Recently, I read an account of Albert Einstein. Dr. Einstein was teaching physics at Princeton University and had administered a test to his graduate students. As he was walking across campus, his graduate assistant asked, “Dr. Einstein, isn’t this the same test you gave last year?” “Yes,” replied Einstein. The graduate assistant couldn’t believe it. “Dr. Einstein, how could you give the same test two years in a row?” Albert Einstein replied, “Since last year, the answers have changed.” (Originally from Thinking Big, Brian Tracy)
The troubling question that comes to my mind is then this: If the answers change, how do we know which way is right? How do we discern truth?

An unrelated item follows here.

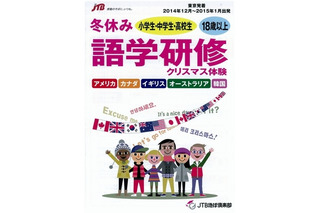 JTB地球倶楽部、冬休み語学研修プランを発売…クリスマス体験など 画像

“The best way to find truth is to go to the origin of all truth and simply ask.” Richard G. Scott
Source: “Reflections of the Psalms”(1964)

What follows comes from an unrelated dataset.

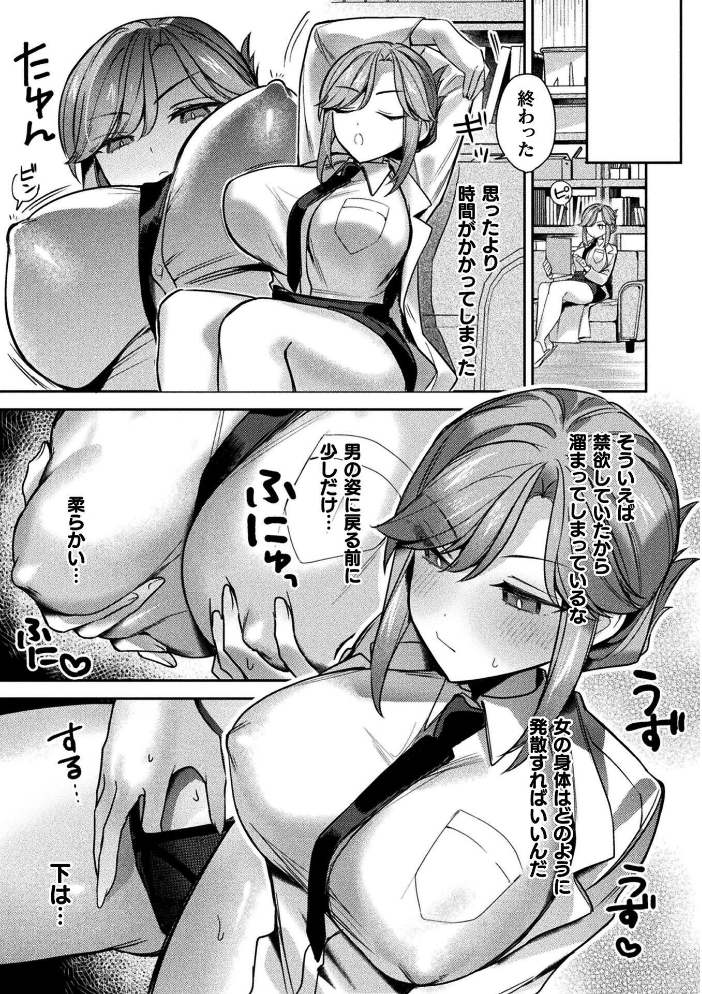 エロ漫画：別冊コミックアンリアル 女体化Hは止められない！ デジタル版Vol.3 【ながねこ ゆうみ うづきのこ ほしか】 サンプル画像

This week I found myself surrounded with distractions. There were several things calling my attention, demanding to be taken care of. I found myself floundering trying to discern which way I should go. Where should I focus my attention? What should be done first? What should be done at all? It became so overwhelming that mid-week I found myself exhausted, overwhelmed and irritable.
Several times this week I found myself waiting. I felt so busy, had many things to do, but I found myself waiting for others. Stuck. Sitting. Alone.
I made special arrangements to help someone. It took some time and planning on my part, as I had to get a sitter and rearrange other important things in my schedule to do so. As I went to help, I found myself waiting. Sitting. She didn’t come. It wasn’t important. When she finally came, very late, she said, “I didn’t ask you to do this.” I found myself frustrated and angry, as in my mind, it was truly a favor; a gift. I believed the effort was something good and helpful, but to her it wasn’t.
During that time alone, I found myself becoming more impatient, frustrated, and even angry. I tried to gather my thoughts, but there were too many distractions to do so effectively. The phone. The emails. Work. Laundry. Lists of to-dos.
Why is it so difficult to discern truth? How come it becomes so hard to push out all the things of the world and hear the voice of the Spirit?
In James 1:5, we read: “If any of you lack wisdom, let him ask of God, that giveth to all men liberally, and upbraideth not; and it shall be given him.”
As I watched this video, I related so much to the distractions in the beginning. In my own life, there is a lot of noise that distracts me from those things of true worth. These noises aren’t necessarily inherently bad or sinful things, but they do leave me feeling anxious and unsettled. I often feel that I have not done enough, that I am not making a difference, and I am simply treading water.
These are the times when I need the peace the most.
As I think about turning to God and turning off the noise in my life, I understand that is where truth lies. That is when the answers will come.
I just have to remind myself daily to shut off the noise. I hope you all have a wonderful week!!